A Historian At Work: Using Facts to Build "Stories," Part Four

Part One --- Part Two--- Part Three --- Part Four --- Part Five

So sometimes I trust other historians’ work. But -- sometimes I don't.

Take a look at another excerpt from the book. This is from pages 102-103 of my history of American beer, Ambitious Brew. The background is the "beer wars" of the 1890s and efforts to control industry competition:

In one contest, according to Adolphus Busch's grandson August "Gus" Busch, Jr., a group of small New Orleans brewers resisted Adolphus’s efforts to control that city’s trade. A prolonged struggled drove the barrel price well below the profit zone. Finally Adolphus ended the conflict by informing the men that he planned to "control the price of beer for the next 25 years. . . whatever goddamn price I put on my beer, you go up [or down] the same goddamn price."

Gus, who claimed to have witnessed the encounter, recounted the tale years later as evidence of his grandfather’s wily ways and masterful control over lesser men. If the Busches invaded, say, Peoria, they could afford to wait out the competition; could afford to absorb the losses incurred by selling barrels at cost. Small local breweries could not. More often than not, the conqueror drove the conquered into bankruptcy.

I found this anecdote, and Adolphus's alleged quote, in Under the Influence, a book written by two St. Louis journalists, Peter Hernon and Terry Ganey. Ganey and Hernon heard the anecdote during an interview with Gus Busch. I discounted the accuracy of the tale. (Indeed, based on my reading of primary sources and other available evidence, I concluded that Ganey's and Hernon's book was an unreliable secondary source.)

Here's what I wrote in the book:

The anecdote, though it captures the brutality of the struggle, is most likely apocryphal. The most ferocious beer wars unfolded in the two decades prior to Gussie's birth in 1899. Adolphus’s health failed in 1906, leaving him frail and wheelchair-bound; from then until his death in 1913, he spent most of his time in California or Europe. Even assuming the event took place as late as, say, 1910, when Gussie would have been eleven years old, Adolphus would not have been involved and his grandson too young to comprehend the grown-ups' conversation, let alone remember it accurately some seventy-five years later. More likely the tale evolved over the years as part of the mythology that surrounded a family of successful men with over-sized personalities.

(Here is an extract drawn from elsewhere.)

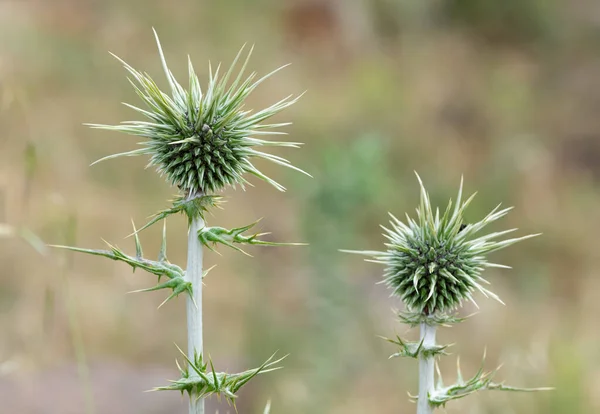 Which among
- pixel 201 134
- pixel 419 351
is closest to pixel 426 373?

Again, this is part of my work: I can't take the evidence at face value. Instead, I examine many sources, and different kinds of evidence, and the facts (one of them, in this case, being the "fact" that Gus Busch wasn't even alive when the events in question took place), and only then do I decide which evidence is reliable and which is not.

Is this art or craft? In my opinion (based on 25 years experience), it's a craft. Historians learn how to use evidence based on experience, trial-and-error, and the wisdom acquired from that. Does that mean I'm always "right"? No. But I make the best judgments I can, using the evidence at hand.